Three ramps still dot the Washington Park Arboretum, mixing with the trees and the edge of Lake Washington as a sort of monument to what was. For years they’ve been there, hiding in plain sight of the active bits of Highway 520 that pass nearby, but as I found out from The Stranger, the upcoming Highway 520 replacement project will finally see these ramps removed.
I’ve always known these things were here – in the summer, people dive off them into the lake. Driving by, you can often see their barricaded lanes and abrupt endings, but I’d never taken the time or figured out how exactly one gets atop these fantom spans. It turns out it’s not so hard. Parking at the edge of the Arboretum, you hike down a foot-warn path and into the shade of some overhanging trees and brambles. The edge of the construction is abrupt – you’re scrambling up five feet of solid concrete, to stand atop several lanes of proto-freeway.
Once atop, only a few barricades and an overhanging tree block you way. The part that surprised me most was that I always assumed that these things were forbidden – I mean – they’re bits of freeway, not hiking trails, but the upside of the fact that nobody ever planned to just *leave a piece of freeway in a park* is that nobody ever planned to leave a piece of freeway in a park. There are no signs and no fences. You just do, or don’t do, what you want. Clearly people have been doing what they want for a long time.
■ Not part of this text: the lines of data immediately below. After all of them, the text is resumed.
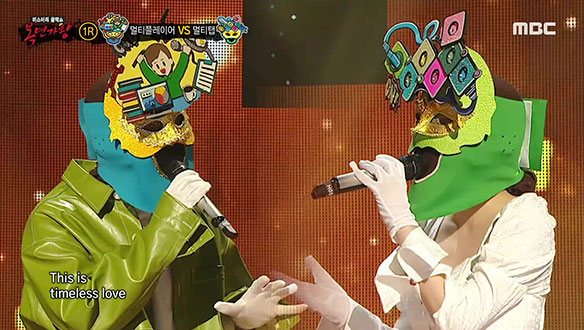 허스키하면서도 감미로운 미성 '멀티플레이어' VS 무대 위를 수놓는 눈부신 가창력 '멀티탭' < Timeless (Feat. Xiah) > 클립 이미지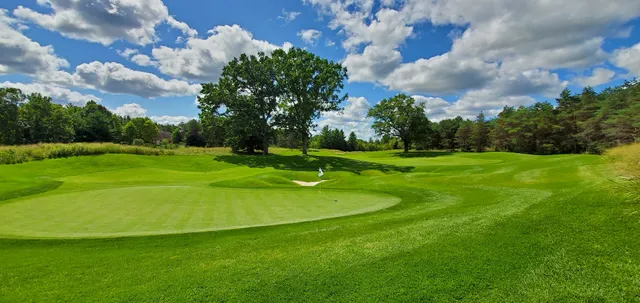 Tullymore Golf Resort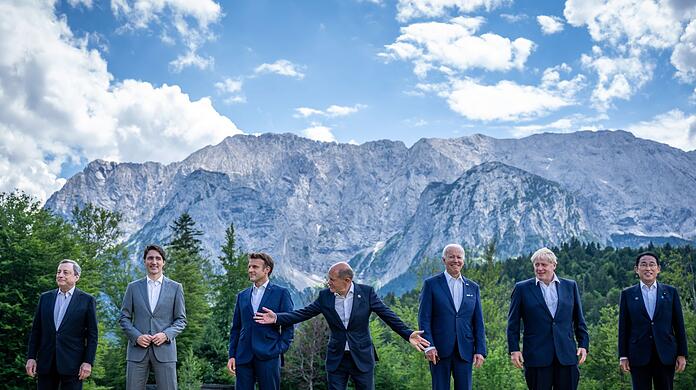 Scholz und Co. posieren für das traditionelle G7-Familienfoto. Ist es das letzte auf Schloss Elmau?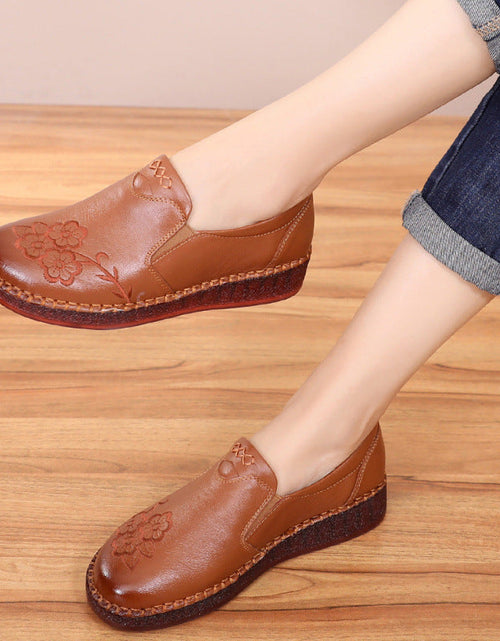 Load image into Gallery viewer, Soft soled women's genuine leather single shoes non slip flat leather shoes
Beer bottles and cans lay thick. Without any sort of cleaning, the smashed glass in the gutter almost looks like beach sand. People have been drinking here for a real long time.
As you hike up the hill, the road bends and you’ve got a view across the Montlake Cut toward the back of Husky Stadium and the University District. Something feels very wrong about being up here, but at the same time, the view is great. Looking down toward the lake, it’s all peace and tranquility. Probably the best part of the ramps is that at the end of the day, they’re surrounded by the Arboretum. I’m glad they never built the thing – that they would have cut a swath freeway-wide through these parts of Seattle seems completely ridiculous in retrospect.
Turning around, it’s back down into the darkness. I’m glad I saw it – they won’t be there much longer.